The modern day shopping mall has its origins in Regency London. In a time when all clothing and accessories were custom made by hand, proprietors set up shops close to their customers –which for the Beau Monde of Regency London, meant as close to Mayfair as possible.
As the trendy new Mayfair neighborhood was developed in the 18th century, the eastern border became the location for the choicest of shops –and the legend of Bond Street as a shopping mecca was born. It quickly became not only a popular place to shop, but also a place to stroll –to see and be seen about town.
However, as popular as Bond Street and its shops were, it wasn’t without its downsides. It wasn’t uncommon for the street to become so packed with pedestrians, that people were forced to walk in the street, as depicted by this c1796 caricature “High-Change in Bond Street –or—the Politesse of du Grande Monde”. So much for high manners, if the local papers scorned the lack of courtesy, where women were forced to walk in the streets!
Then, there’s the weather. In a place known for rain, fog and cold winters, it wasn’t always prudent or convenient to go to Bond Street, or at least to linger there. Between the wet and the mud, I’m sure many a retail sale was lost because shoppers just couldn’t browse without getting wet and cold.
So, when Lord George Cavendish, fed up with people dumping oyster shells in a passage bordering his town home, decided to put the area to good use and commissioned the Burlington Arcade, it was an immediate success when it opened in 1819, situated as it was on the corner of Bond and Piccadilly.

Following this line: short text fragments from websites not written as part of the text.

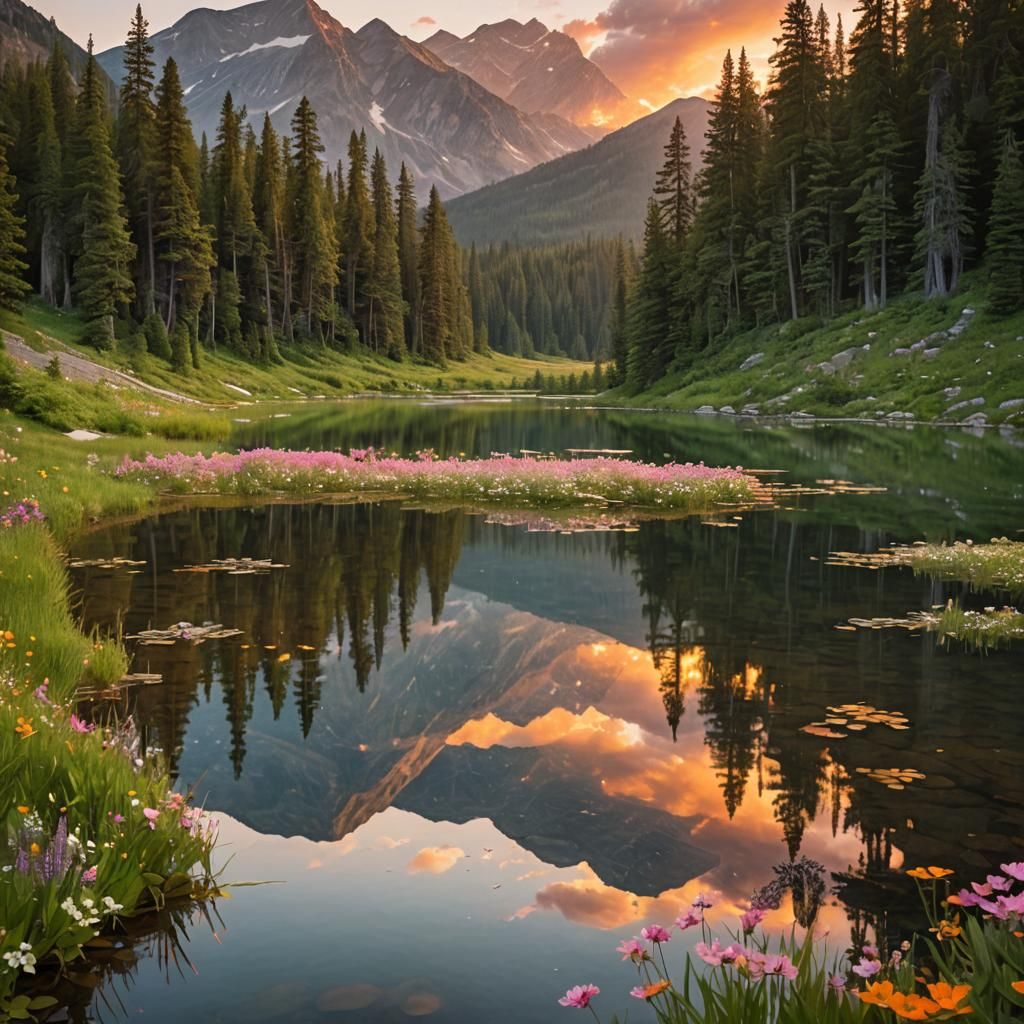 Sunset Reflection on Calm Mountain Lake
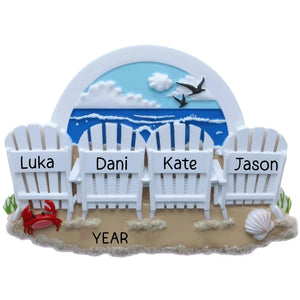 Personalized beach chair family of 4 Christmas ornament, Adirondack chairs in the sand laser engraved with names and year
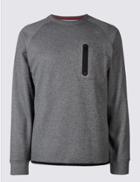 Marks & Spencer Slim Fit Textured Sweatshirt Dark Grey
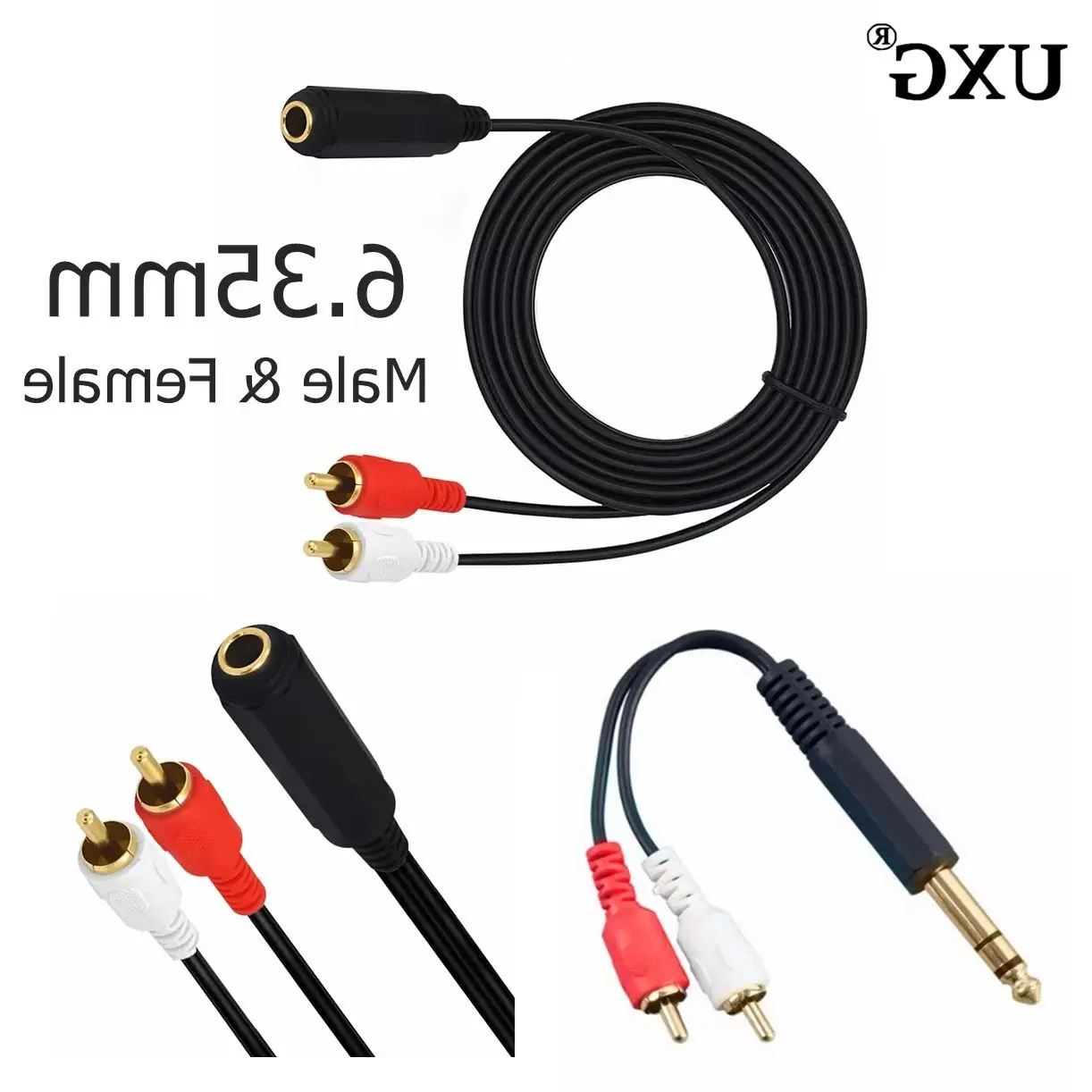 2RCA To 6.35mm 6.35 Mm Female Accessory RCA Jack Splitter Cord For HiFi Stereo Aux Cable Audio Amplifier Mixer Speaker Recorder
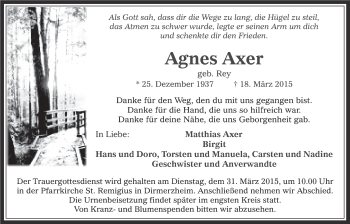 Anzeige von Agnes Axer von  Werbepost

The first stroke of genius in the design was to cover the entire pedestrian boulevard with a glazed roof to protect customers as they visited the shops there. It also spoke to the Regency sense of uniformity of design and housed 2 rows of neat shops –a total of 72 enclosed shops of milliners, shoemakers, jewelers –just about anything the Regency shopper could imagine in a single, convenient location. Beadles, originally staffed from Cavendish’s old regiment of Hussars, were stationed at the Arcade to watch over the customers and to keep vagrants and thieves at bay.